DIRECTIONS - What you write must match, character for character, the lines from the one with "刺猬紫檀木置物架古董架，中式實(shí)木寶瓶博古架" down to the one with "Leopard Long Cardigan" in the listing below, minus its pictures.

RECORD EXTRACTS -
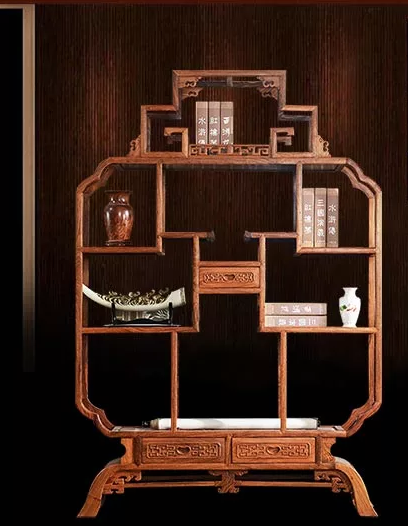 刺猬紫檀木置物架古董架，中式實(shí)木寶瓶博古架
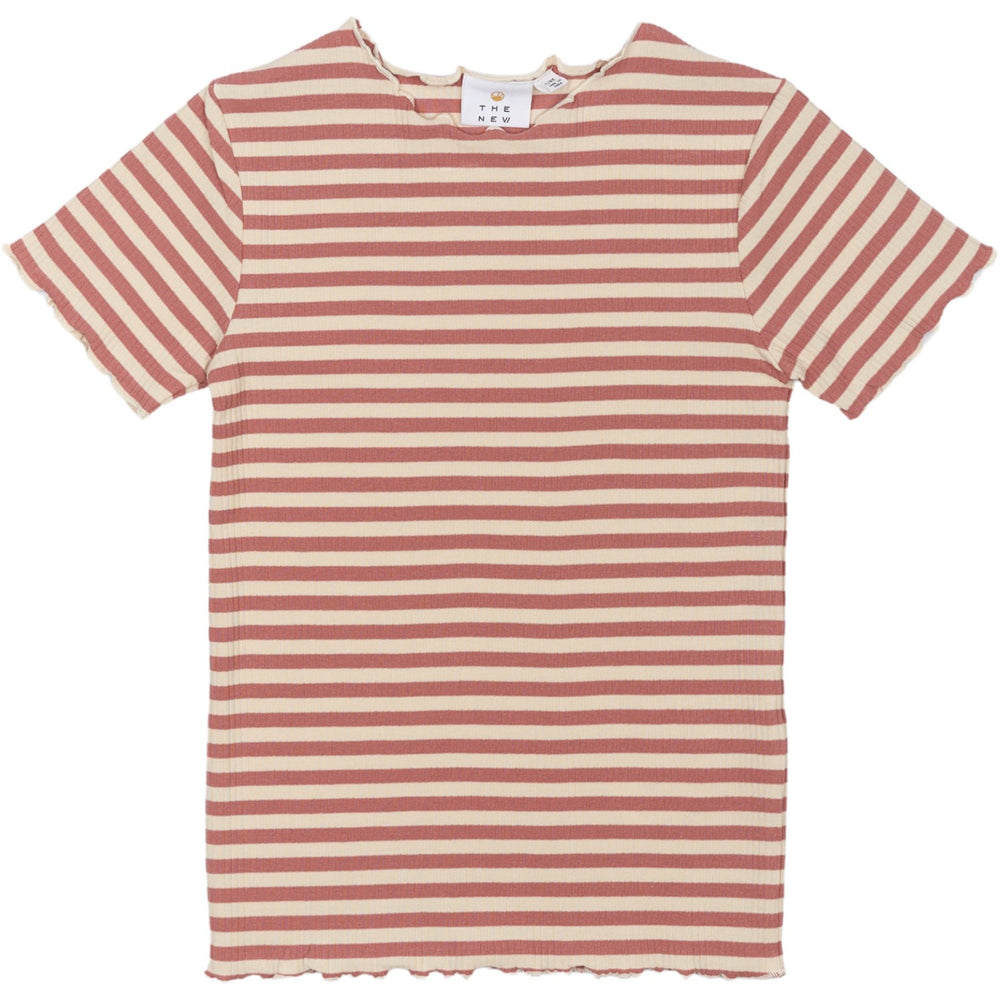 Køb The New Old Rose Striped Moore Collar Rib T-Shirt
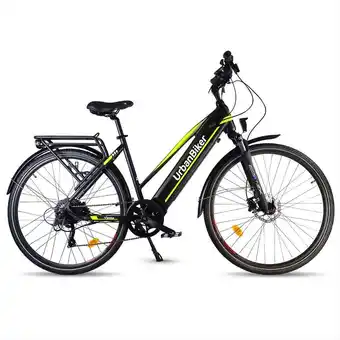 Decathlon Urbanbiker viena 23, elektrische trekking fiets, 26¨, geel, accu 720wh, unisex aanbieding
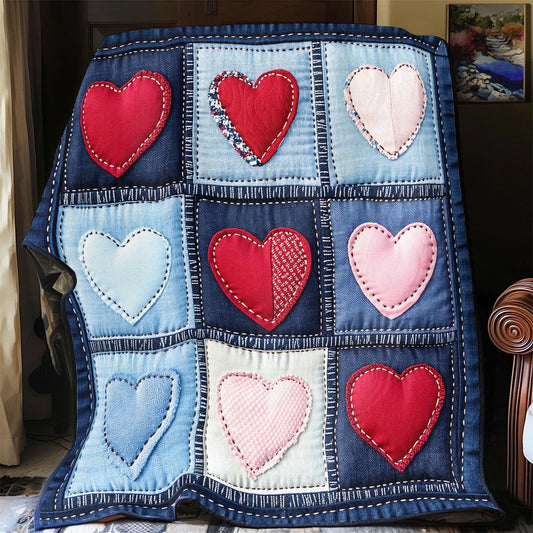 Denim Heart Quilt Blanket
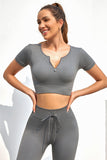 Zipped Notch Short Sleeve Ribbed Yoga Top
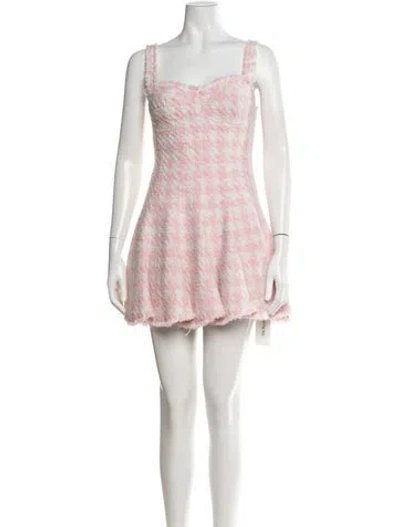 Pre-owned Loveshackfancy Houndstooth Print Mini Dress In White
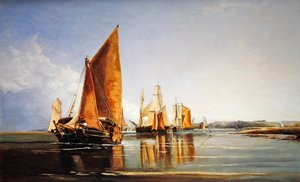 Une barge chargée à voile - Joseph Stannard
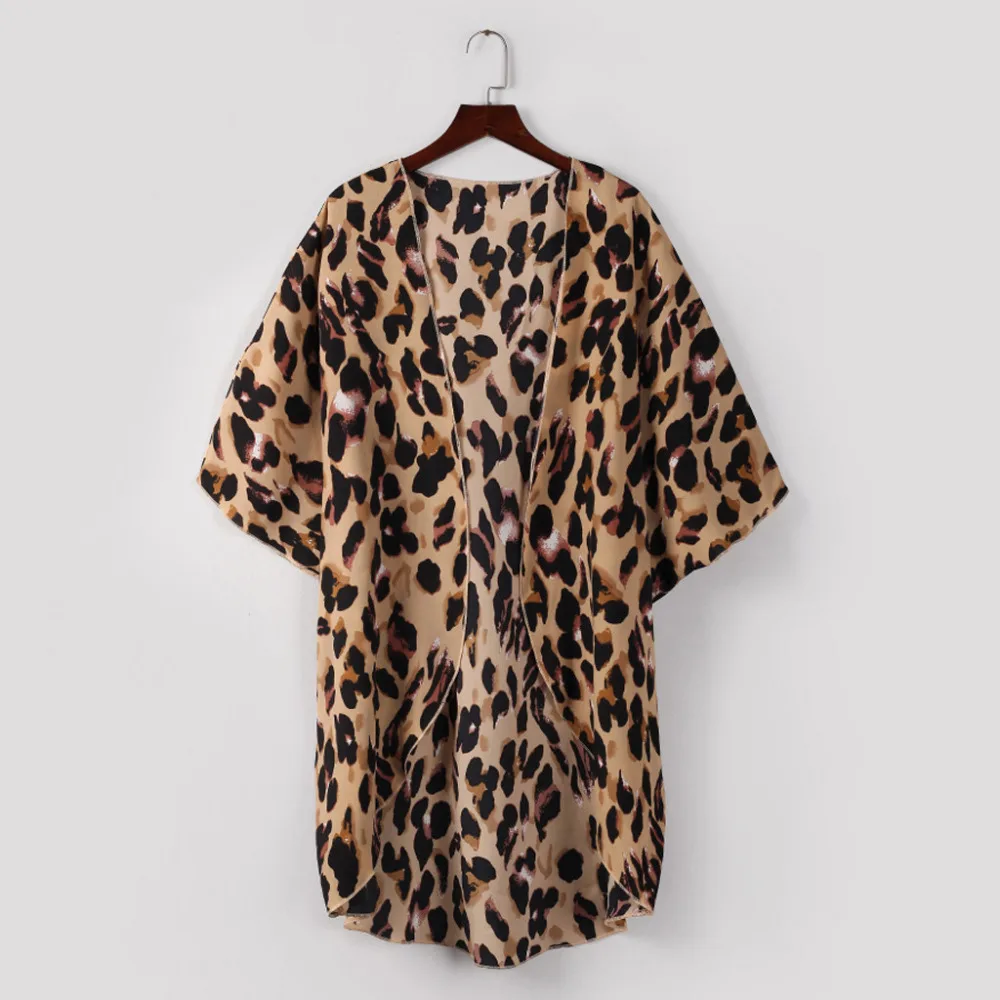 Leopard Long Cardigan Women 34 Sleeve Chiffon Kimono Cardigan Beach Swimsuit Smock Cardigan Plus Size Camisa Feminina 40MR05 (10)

...

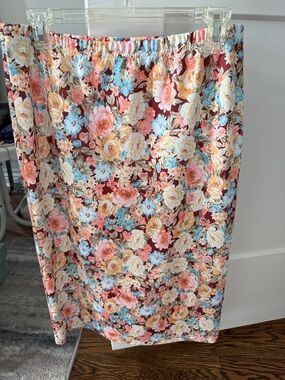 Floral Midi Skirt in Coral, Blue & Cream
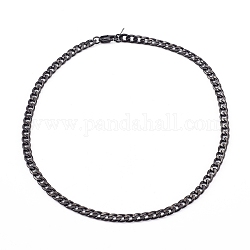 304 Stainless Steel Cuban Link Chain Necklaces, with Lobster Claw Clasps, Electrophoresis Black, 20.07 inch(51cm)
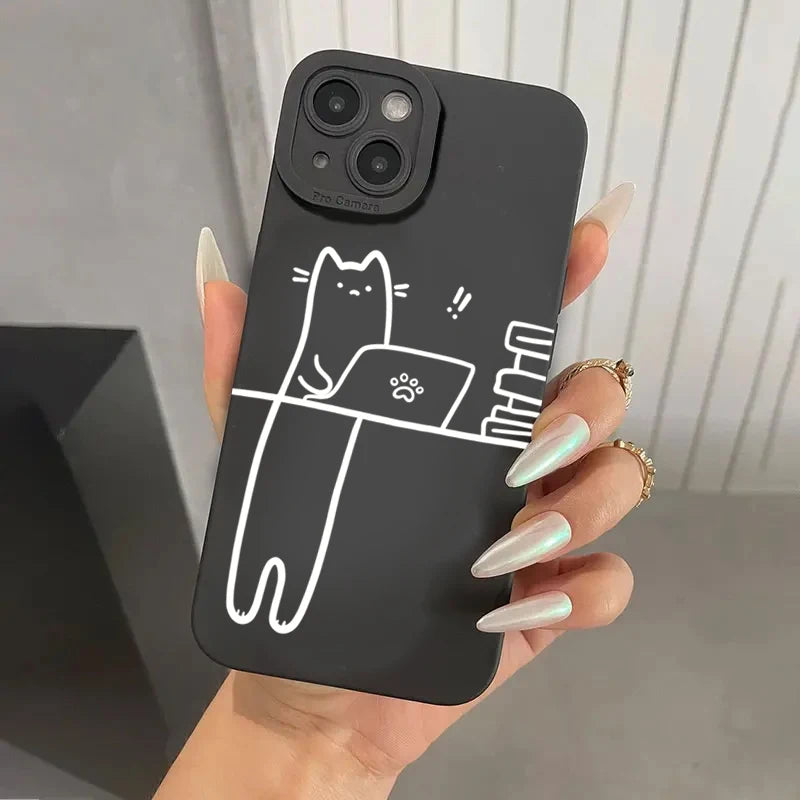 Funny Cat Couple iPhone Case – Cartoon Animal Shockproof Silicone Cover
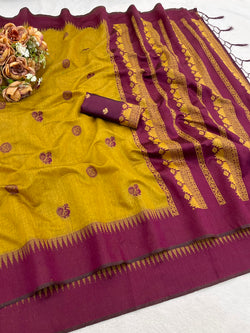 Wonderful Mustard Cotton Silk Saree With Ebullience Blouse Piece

---

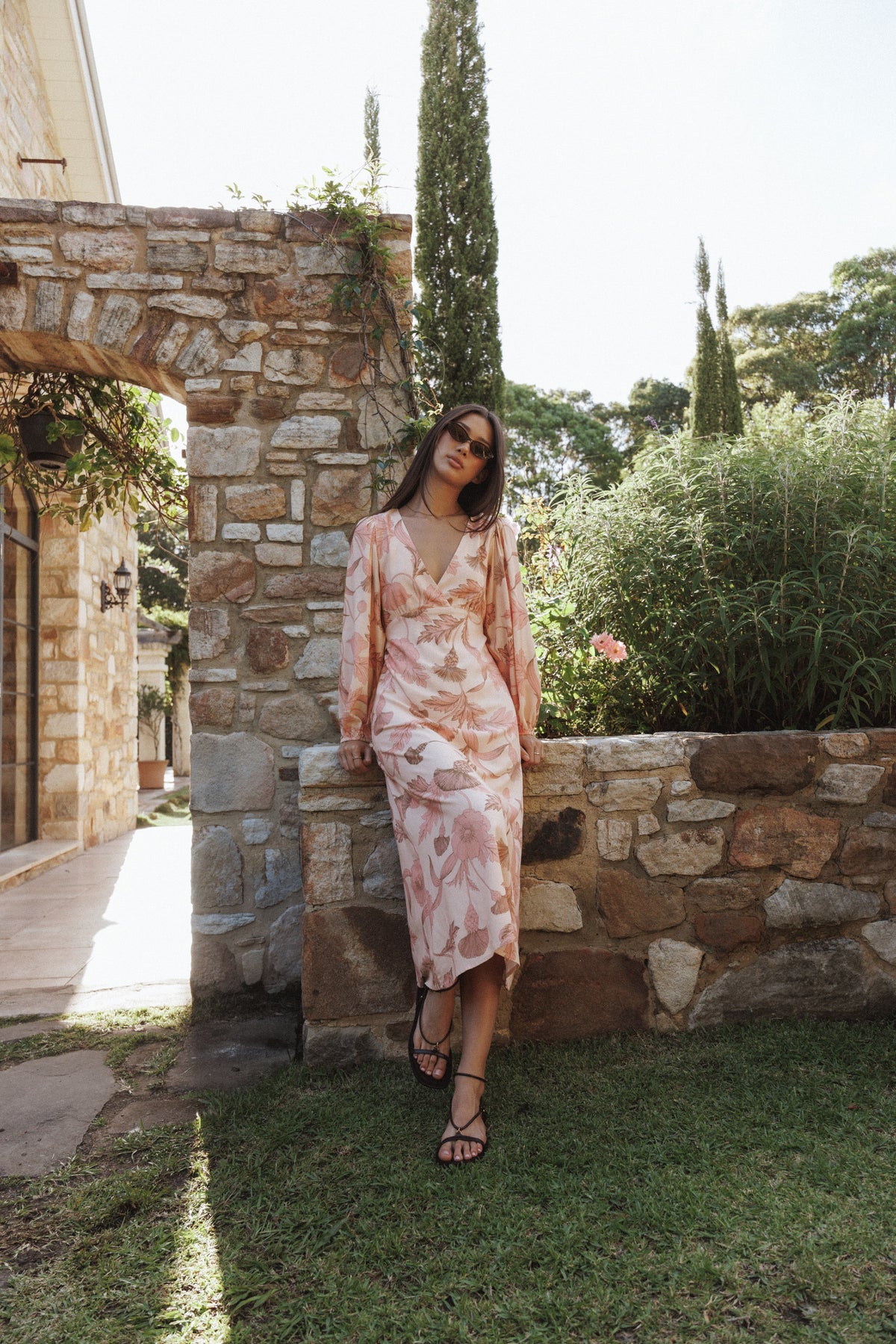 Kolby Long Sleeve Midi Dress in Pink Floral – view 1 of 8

TASK SOLUTION -
 刺猬紫檀木置物架古董架，中式實(shí)木寶瓶博古架
 Køb The New Old Rose Striped Moore Collar Rib T-Shirt
 Decathlon Urbanbiker viena 23, elektrische trekking fiets, 26¨, geel, accu 720wh, unisex aanbieding
 Denim Heart Quilt Blanket
 Zipped Notch Short Sleeve Ribbed Yoga Top
 Pre-owned Loveshackfancy Houndstooth Print Mini Dress In White
 Une barge chargée à voile - Joseph Stannard
 Leopard Long Cardigan Women 34 Sleeve Chiffon Kimono Cardigan Beach Swimsuit Smock Cardigan Plus Size Camisa Feminina 40MR05 (10)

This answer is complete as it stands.